*TASK OBJECTIVE:* Given the entries that follow, write out exactly the lines starting at the one containing "Aquina Matt Black" and ending at the one containing "Soy miedo de", both ends included, and only those.

*Web page caption snippets:*
== == ==

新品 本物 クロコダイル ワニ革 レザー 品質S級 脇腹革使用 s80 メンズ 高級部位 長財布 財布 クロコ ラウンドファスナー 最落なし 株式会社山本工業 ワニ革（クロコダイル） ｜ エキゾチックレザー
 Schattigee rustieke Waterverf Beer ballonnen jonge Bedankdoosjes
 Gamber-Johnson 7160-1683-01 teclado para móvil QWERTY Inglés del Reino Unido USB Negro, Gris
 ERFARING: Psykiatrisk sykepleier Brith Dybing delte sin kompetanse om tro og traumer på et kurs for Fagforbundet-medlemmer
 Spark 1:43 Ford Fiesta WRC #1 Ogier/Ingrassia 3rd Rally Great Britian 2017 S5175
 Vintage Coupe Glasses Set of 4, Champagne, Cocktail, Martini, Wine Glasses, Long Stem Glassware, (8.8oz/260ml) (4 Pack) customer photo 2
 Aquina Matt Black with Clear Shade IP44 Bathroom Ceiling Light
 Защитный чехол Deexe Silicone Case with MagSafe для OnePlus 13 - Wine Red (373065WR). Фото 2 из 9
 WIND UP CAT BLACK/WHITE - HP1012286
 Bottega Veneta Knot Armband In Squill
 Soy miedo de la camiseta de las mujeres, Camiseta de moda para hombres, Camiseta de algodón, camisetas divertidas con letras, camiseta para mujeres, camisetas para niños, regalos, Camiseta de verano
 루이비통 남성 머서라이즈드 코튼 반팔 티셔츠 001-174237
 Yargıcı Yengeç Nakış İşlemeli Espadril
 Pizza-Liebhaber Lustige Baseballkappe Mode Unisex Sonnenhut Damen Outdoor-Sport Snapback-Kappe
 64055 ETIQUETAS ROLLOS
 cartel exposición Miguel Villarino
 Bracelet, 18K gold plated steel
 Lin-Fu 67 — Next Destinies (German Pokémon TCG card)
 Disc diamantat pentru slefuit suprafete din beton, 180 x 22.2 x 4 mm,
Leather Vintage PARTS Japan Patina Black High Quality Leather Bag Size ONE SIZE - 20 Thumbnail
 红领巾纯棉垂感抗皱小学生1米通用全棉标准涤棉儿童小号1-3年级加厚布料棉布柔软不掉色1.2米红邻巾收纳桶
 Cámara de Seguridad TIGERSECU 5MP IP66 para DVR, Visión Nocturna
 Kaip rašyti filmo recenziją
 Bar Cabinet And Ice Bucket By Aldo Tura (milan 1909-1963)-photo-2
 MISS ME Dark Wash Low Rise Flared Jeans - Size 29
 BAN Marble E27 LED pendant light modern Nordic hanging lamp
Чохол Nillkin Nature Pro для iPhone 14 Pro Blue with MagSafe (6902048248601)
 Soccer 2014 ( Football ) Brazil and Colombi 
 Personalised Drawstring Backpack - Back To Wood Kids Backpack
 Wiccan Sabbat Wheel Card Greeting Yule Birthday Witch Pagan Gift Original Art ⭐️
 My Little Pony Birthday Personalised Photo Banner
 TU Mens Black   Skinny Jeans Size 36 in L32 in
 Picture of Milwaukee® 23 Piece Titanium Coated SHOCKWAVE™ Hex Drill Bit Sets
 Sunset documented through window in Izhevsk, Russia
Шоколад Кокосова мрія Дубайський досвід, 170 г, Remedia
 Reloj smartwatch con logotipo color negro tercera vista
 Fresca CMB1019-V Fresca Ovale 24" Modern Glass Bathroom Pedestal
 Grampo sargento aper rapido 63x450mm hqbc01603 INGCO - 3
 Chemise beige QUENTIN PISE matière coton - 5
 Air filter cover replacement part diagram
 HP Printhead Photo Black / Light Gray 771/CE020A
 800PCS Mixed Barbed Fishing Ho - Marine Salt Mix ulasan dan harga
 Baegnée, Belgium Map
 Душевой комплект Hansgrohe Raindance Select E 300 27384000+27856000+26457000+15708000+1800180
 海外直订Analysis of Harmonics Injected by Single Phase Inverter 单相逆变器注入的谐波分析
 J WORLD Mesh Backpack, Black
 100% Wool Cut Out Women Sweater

== == ==

*TASK ANSWER:*
 Aquina Matt Black with Clear Shade IP44 Bathroom Ceiling Light
 Защитный чехол Deexe Silicone Case with MagSafe для OnePlus 13 - Wine Red (373065WR). Фото 2 из 9
 WIND UP CAT BLACK/WHITE - HP1012286
 Bottega Veneta Knot Armband In Squill
 Soy miedo de la camiseta de las mujeres, Camiseta de moda para hombres, Camiseta de algodón, camisetas divertidas con letras, camiseta para mujeres, camisetas para niños, regalos, Camiseta de verano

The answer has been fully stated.